Em a narrativa a que passamos, temos uma mesma pessoa a se desdobrar em várias ocasiões, sem nenhuma participação sua consciente nos fatos.

Aparições múltiplas do mesmo paciente

Sra Stone, Shute Haye, Waldich, Brídport. (90)

X... 1883.

Fui vista três vezes, quando em realidade não me achava presente, e de cada vez por pessoas diversas. Da primeira, foi minha cunhada quem me viu. Ela me velava o sono, após o nascimento de meu primeiro filho. Dirigindo o olhar para a cama onde eu dormia, viu-me distintamente e, ao mesmo tempo, o meu duplo. Viu, de um lado, o meu corpo natural e, de outro, a minha imagem espiritualizada e tênue. Fechou várias vezes os olhos; mas, reabrindo-os via sempre a mesma aparição. Ao cabo de algum tempo, dissipou-se a visão. Pensou fosse um sinal de minha morte próxima, pelo que só muitos meses depois vim, a saber, do fato.

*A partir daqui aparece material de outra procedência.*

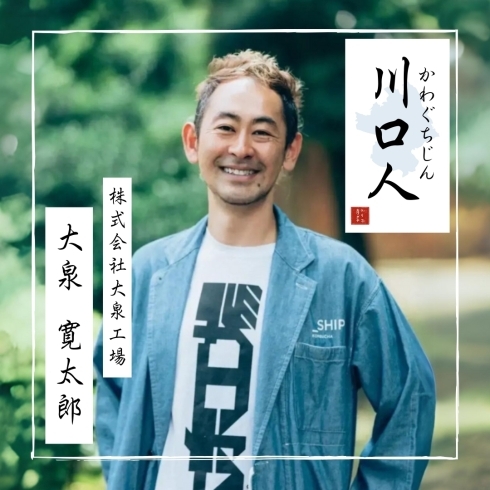 「川口人【Vol.1：大泉寛太郎さん（株式会社大泉工場/代表）】」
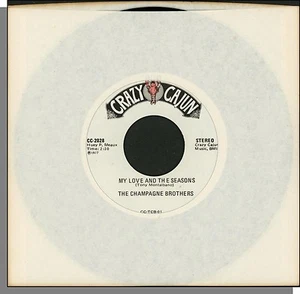 The Champagne Brothers - My Love and The Seasons + Snow On The Bayou - 7" 45! - Imagen 1 de 3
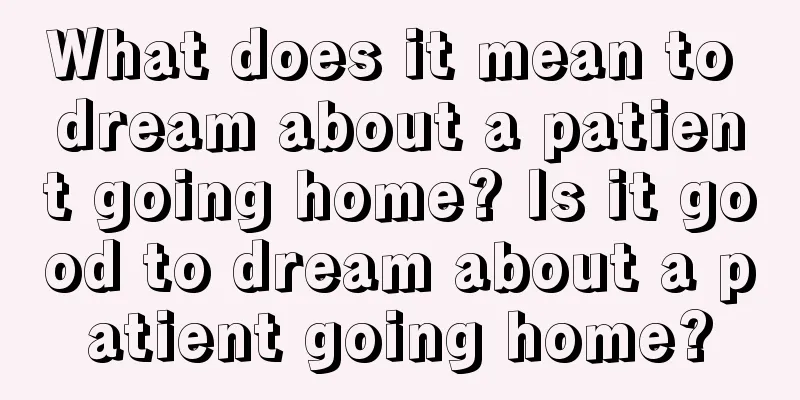 What does it mean to dream about a patient going home? Is it good to dream about a patient going home?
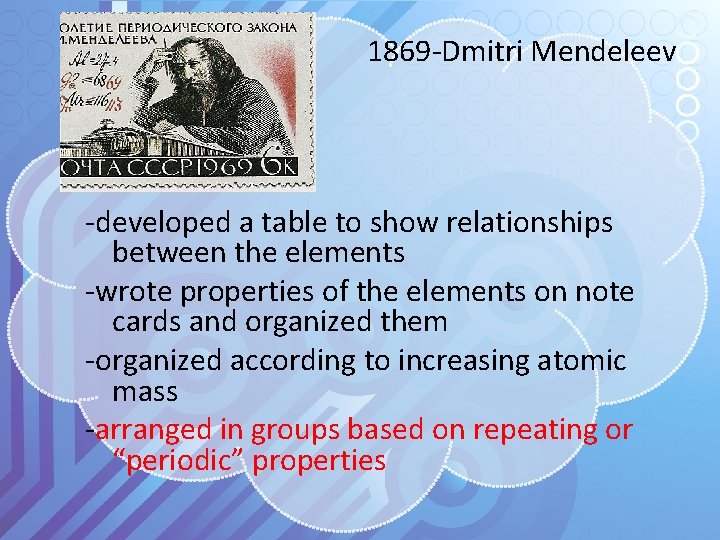 1869 -Dmitri Mendeleev -developed a table to show relationships between the elements -wrote properties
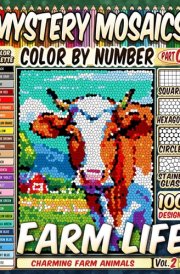 100 Farm Life Masterpieces - Mystery Mosaic Color by Number - Vol. 2: Charming Farm Animals in Squares, Hexagons, Stained Glass, and Circles cover image
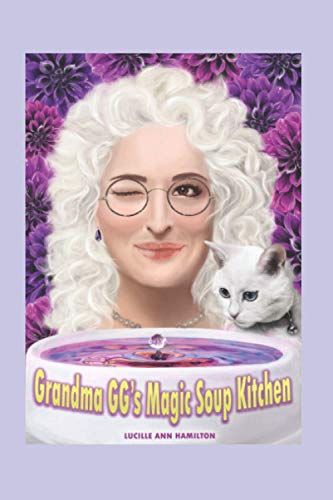 Stock image for Grandma GG's Magic Soup Kitchen for sale by Revaluation Books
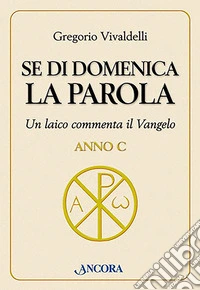 Se di domenica la Parola. Un laico commenta il vangelo. Anno C libro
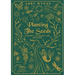Planting the Seeds: Poetry, Stories and Prayers
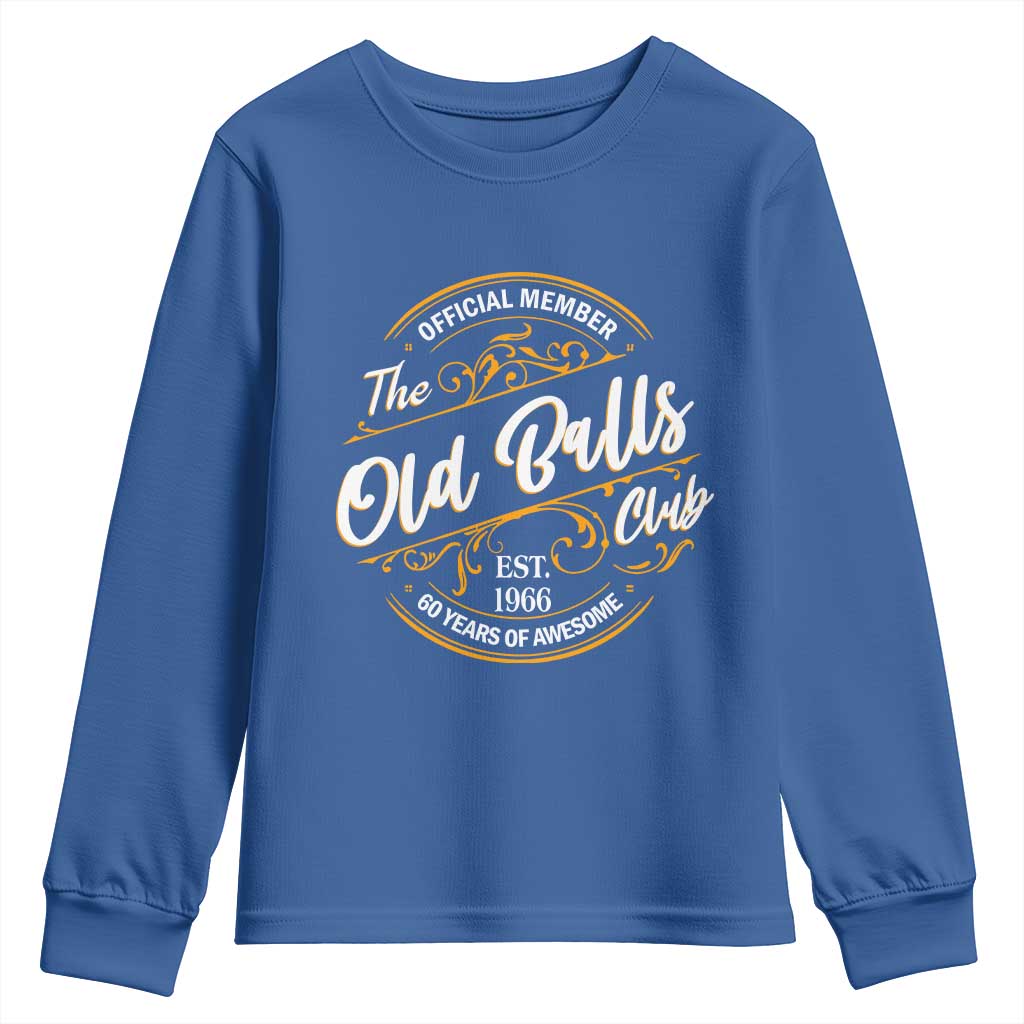 60th Birthday Est 1966 Youth Sweatshirt Official Member Of The Old Ball Clubs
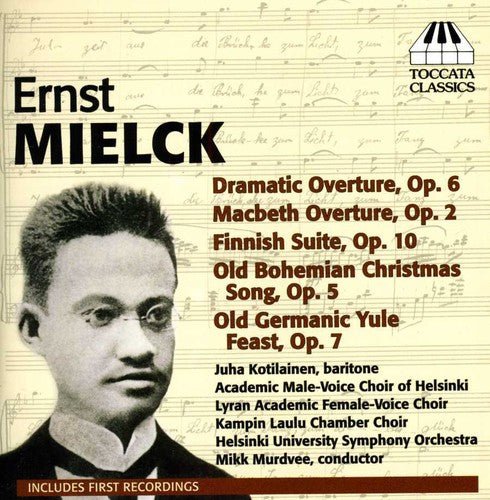 Mielck / Kotilainen / Murdvee: Orchestral & Choral Works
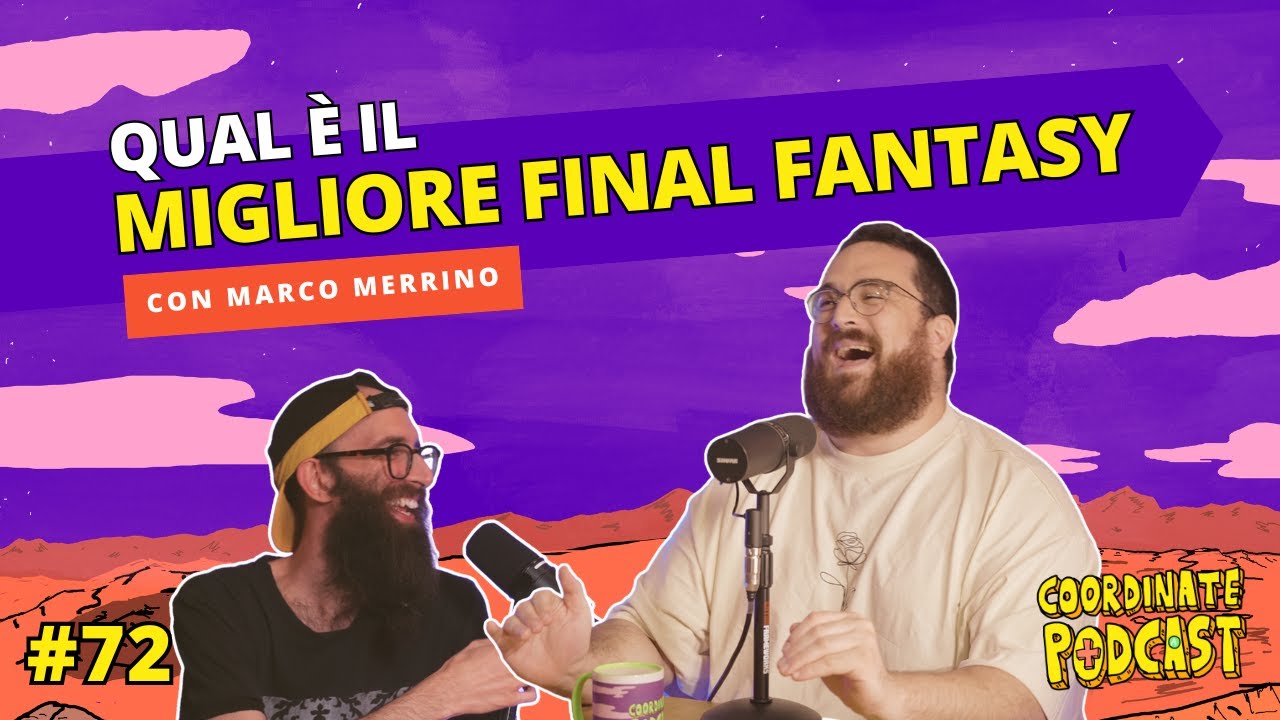 72. Marco Merrino | Qual è il migliore Final Fantasy (CoordinateLive!) @croix89quellochegrida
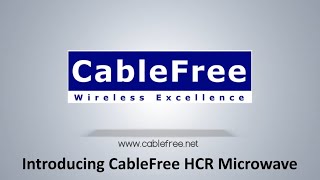 CableFree Microwave HCR   Introduction
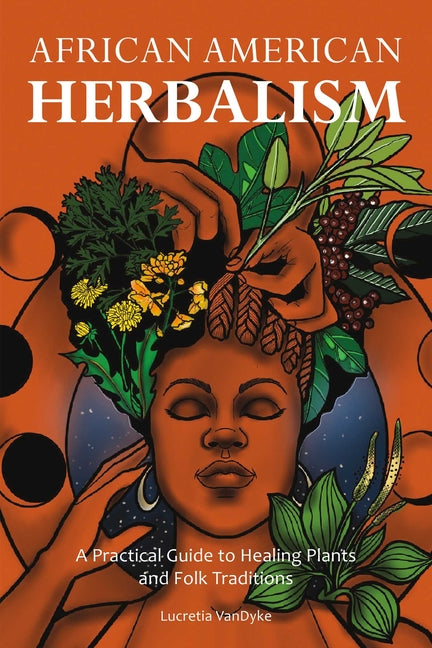 African American Herbalism: A Practical Guide to Healing Plants and Folk Traditions - Ingram
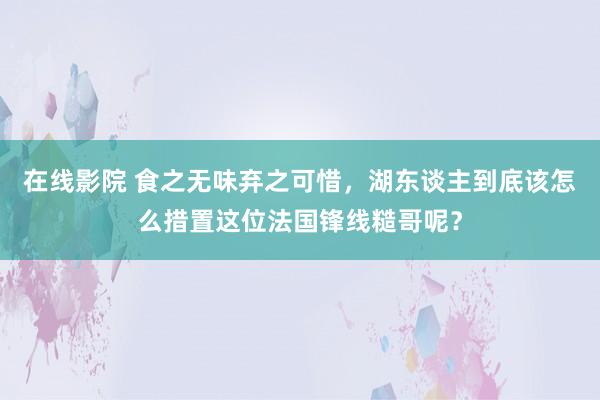 在线影院 食之无味弃之可惜，湖东谈主到底该怎么措置这位法国锋线糙哥呢？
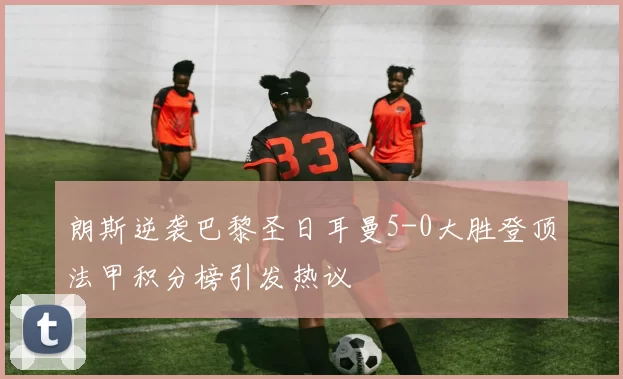 朗斯逆袭巴黎圣日耳曼5-0大胜登顶法甲积分榜引发热议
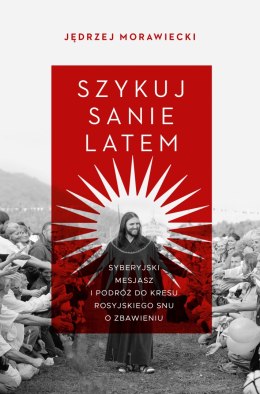 Szykuj sanie latem. Syberyjski mesjasz i podróż do kresu rosyjskiego snu o zbawieniu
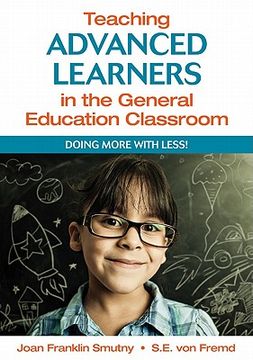 teaching high-ability students in the general education classroom,doing more with less!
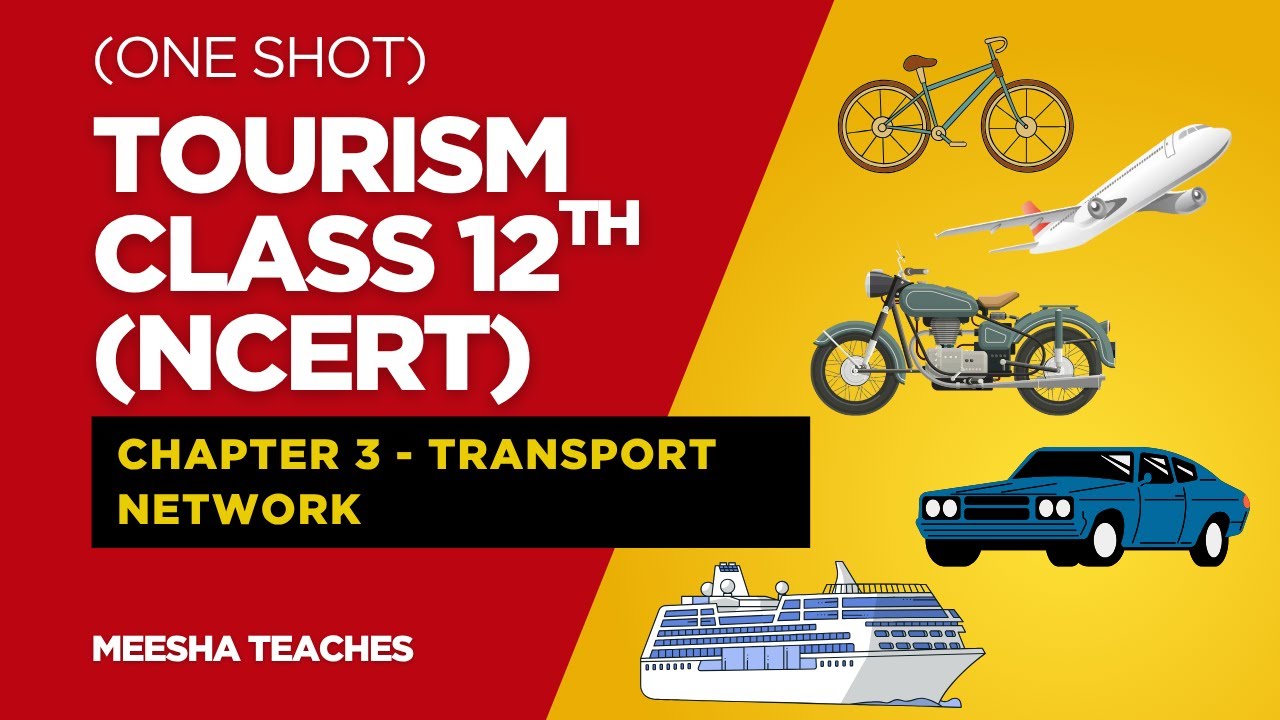 Class 12 Tourism : Unit 3 : Transport Network (ONE SHOT)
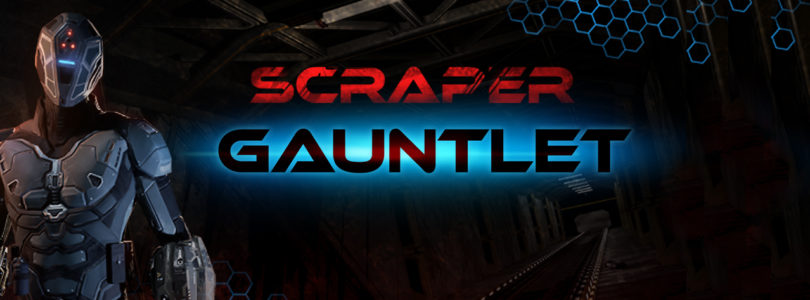 Scraper: Gauntlet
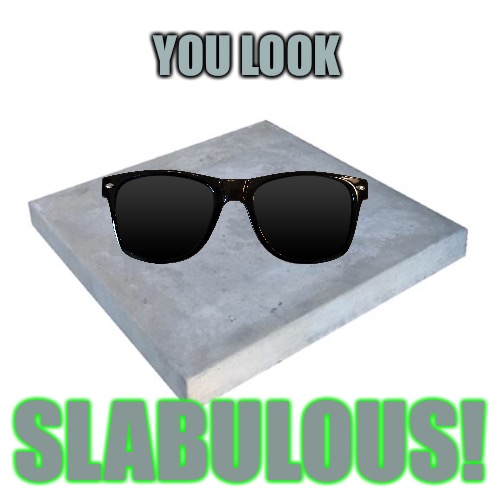 Concrete Slab Week - May 27 to June 4.  A SilicaSandwhich and Clinkster event. | YOU LOOK; SLABULOUS! | image tagged in memes,concrete slab week,silicasandwhich,clinkster | made w/ Imgflip meme maker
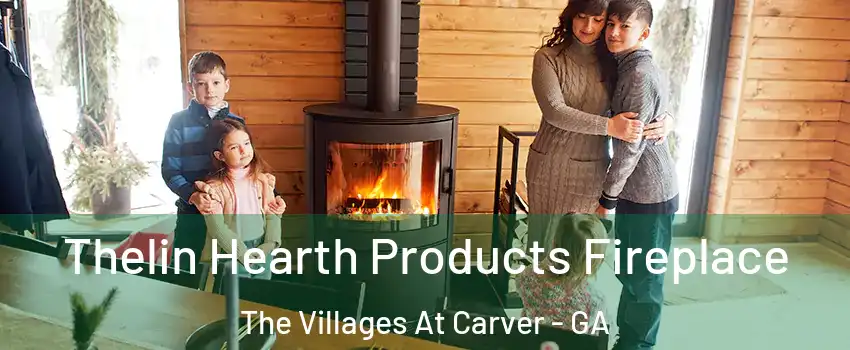 Thelin Hearth Products Fireplace The Villages At Carver - GA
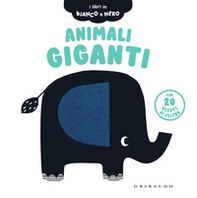 Animali giganti. I libri in bianco e nero - Librerie.coop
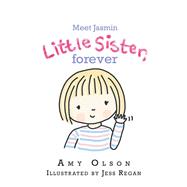 Meet Jasmin Little Sister, Forever 9781982232559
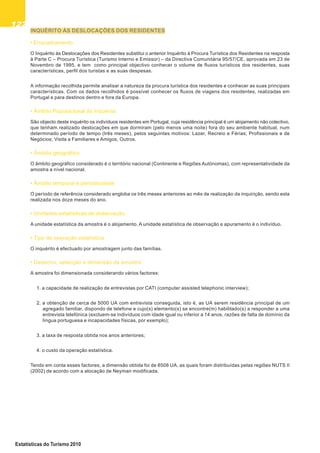 122122122122122
Estatísticas do Turismo 2010
INQUÉRITO ÀS DESLOCAÇÕES DOS RESIDENTES
• Enquadramento
O Inquérito às Deslocações dos Residentes substitui o anterior Inquérito à Procura Turística dos Residentes na resposta
à Parte C – Procura Turística (Turismo Interno e Emissor) – da Directiva Comunitária 95/57/CE, aprovada em 23 de
Novembro de 1995, e tem como principal objectivo conhecer o volume de fluxos turísticos dos residentes, suas
características, perfil dos turistas e as suas despesas.
A informação recolhida permite analisar a natureza da procura turística dos residentes e conhecer as suas principais
características. Com os dados recolhidos é possível conhecer os fluxos de viagens dos residentes, realizadas em
Portugal e para destinos dentro e fora da Europa.
• Âmbito Populacional do Inquérito
São objecto deste inquérito os indivíduos residentes em Portugal, cuja residência principal é um alojamento não colectivo,
que tenham realizado deslocações em que dormiram (pelo menos uma noite) fora do seu ambiente habitual, num
determinado período de tempo (três meses), pelos seguintes motivos: Lazer, Recreio e Férias; Profissionais e de
Negócios; Visita a Familiares e Amigos, Outros.
• Âmbito geográfico
O âmbito geográfico considerado é o território nacional (Continente e Regiões Autónomas), com representatividade da
amostra a nível nacional.
• Âmbito temporal e periodicidade
O período de referência considerado engloba os três meses anteriores ao mês de realização da inquirição, sendo esta
realizada nos doze meses do ano.
• Unidades estatísticas de observação
A unidade estatística da amostra é o alojamento. A unidade estatística de observação e apuramento é o indivíduo.
• Tipo de operação estatística
O inquérito é efectuado por amostragem junto das famílias.
• Desenho, selecção e dimensão da amostra
A amostra foi dimensionada considerando vários factores:
1. a capacidade de realização de entrevistas por CATI (computer assisted telephonic interview);
2. a obtenção de cerca de 5000 UA com entrevista conseguida, isto é, as UA serem residência principal de um
agregado familiar, dispondo de telefone e cujo(s) elemento(s) se encontre(m) habilitado(s) a responder a uma
entrevista telefónica (excluem-se indivíduos com idade igual ou inferior a 14 anos, razões de falta de domínio da
língua portuguesa e incapacidades físicas, por exemplo);
3. a taxa de resposta obtida nos anos anteriores;
4. o custo da operação estatística.
Tendo em conta esses factores, a dimensão obtida foi de 8508 UA, as quais foram distribuídas pelas regiões NUTS II
(2002) de acordo com a alocação de Neyman modificada.
 
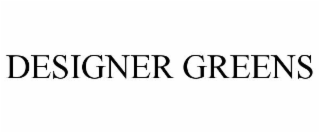 DESIGNER GREENS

A segunda visão teve-a uma sobrinha, que morava conosco em Dorchester. Era uma manhã de primavera. Abrindo a porta de seu quarto, ela me viu subindo a escada que lhe ficava em frente, com um vestido preto, de luto, uma gola branca e um gorro também branco. Era esse o meu traje habitual, por estar de luto de minha sogra. Ela não me falou, mas me viu e julgou que eu fosse ao quarto de meu filho. Ao almoço, disse ao tio: Minha tia se levantou hoje muito cedo; eu a vi no quarto do filho. - Oh! Não, Jane, respondeu meu marido; ela não se sentia muito bem, tanto que vai almoçar no quarto, antes de descer.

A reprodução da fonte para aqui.